START Recorded information

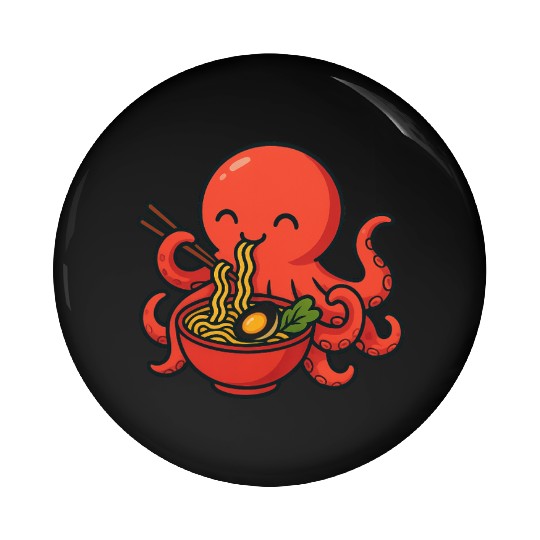 Playful Octopus with Ramen Bowl Pin Buttons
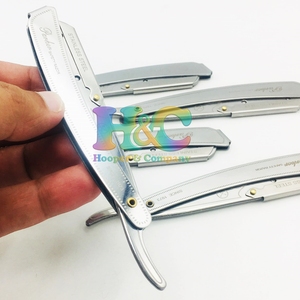 Navaja de Barbero Recta de Acero Inoxidable con Diseño Personalizado, Recubrimiento de Papel, Diseño Plegable, Logotipo Personalizable, Acabado Plateado - Product Image 5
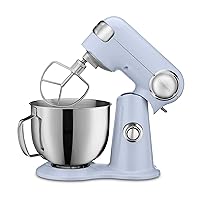 Cuisinart Stand Mixer, 12 Speed, 5.5 Quart Stainless Steel Bowl, Chef’s Whisk, Mixing Paddle, Dough Hook, Splash Guard w/ Pour Spout, Frosted Blue, SM-50BLU,Arctic Blue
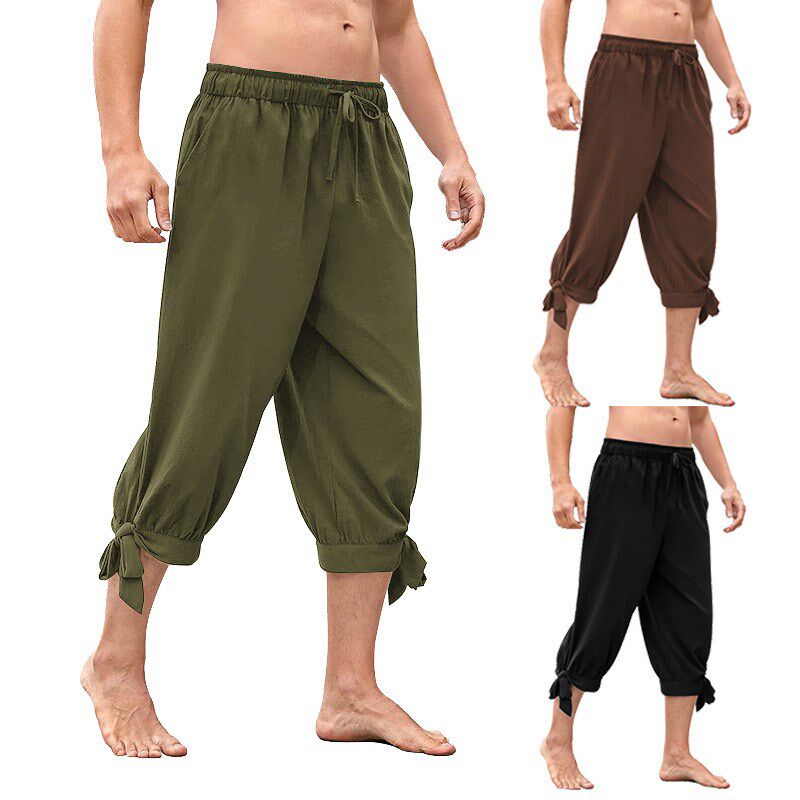 Retro Renaissance Servant Pants Laced Loose FivePoint Pants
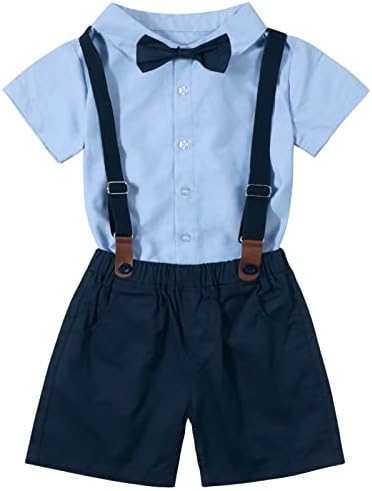 MNLYBABY/ Джентльменская дрехи за малките момчета, Официална риза с къс ръкав, Лигавник, Панталони, носи Вратовръзка, Комплект дрехи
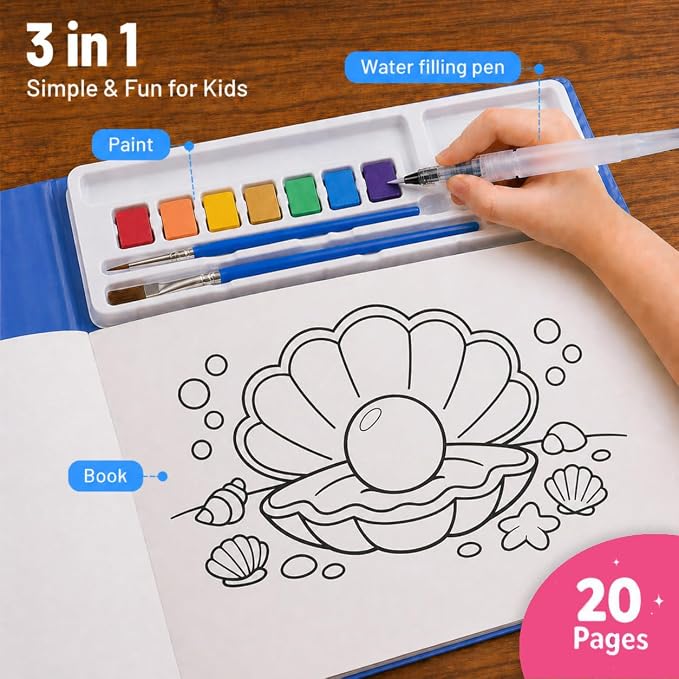 Underwater Treasure Water Coloring Book for Kids, DIY Paint with Water Kits, Fast-Drying & Washable, Multicolor Fun for Creative Minds, Perfect Educational Gift for Toddlers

END Recorded information

Work request: Print exactly the lines from the one containing "Retro Renaissance Servant" through the last line of the records, both included, and leave out the pictures.

Response for this exercise:
 Retro Renaissance Servant Pants Laced Loose FivePoint Pants
 MNLYBABY/ Джентльменская дрехи за малките момчета, Официална риза с къс ръкав, Лигавник, Панталони, носи Вратовръзка, Комплект дрехи
 Underwater Treasure Water Coloring Book for Kids, DIY Paint with Water Kits, Fast-Drying & Washable, Multicolor Fun for Creative Minds, Perfect Educational Gift for Toddlers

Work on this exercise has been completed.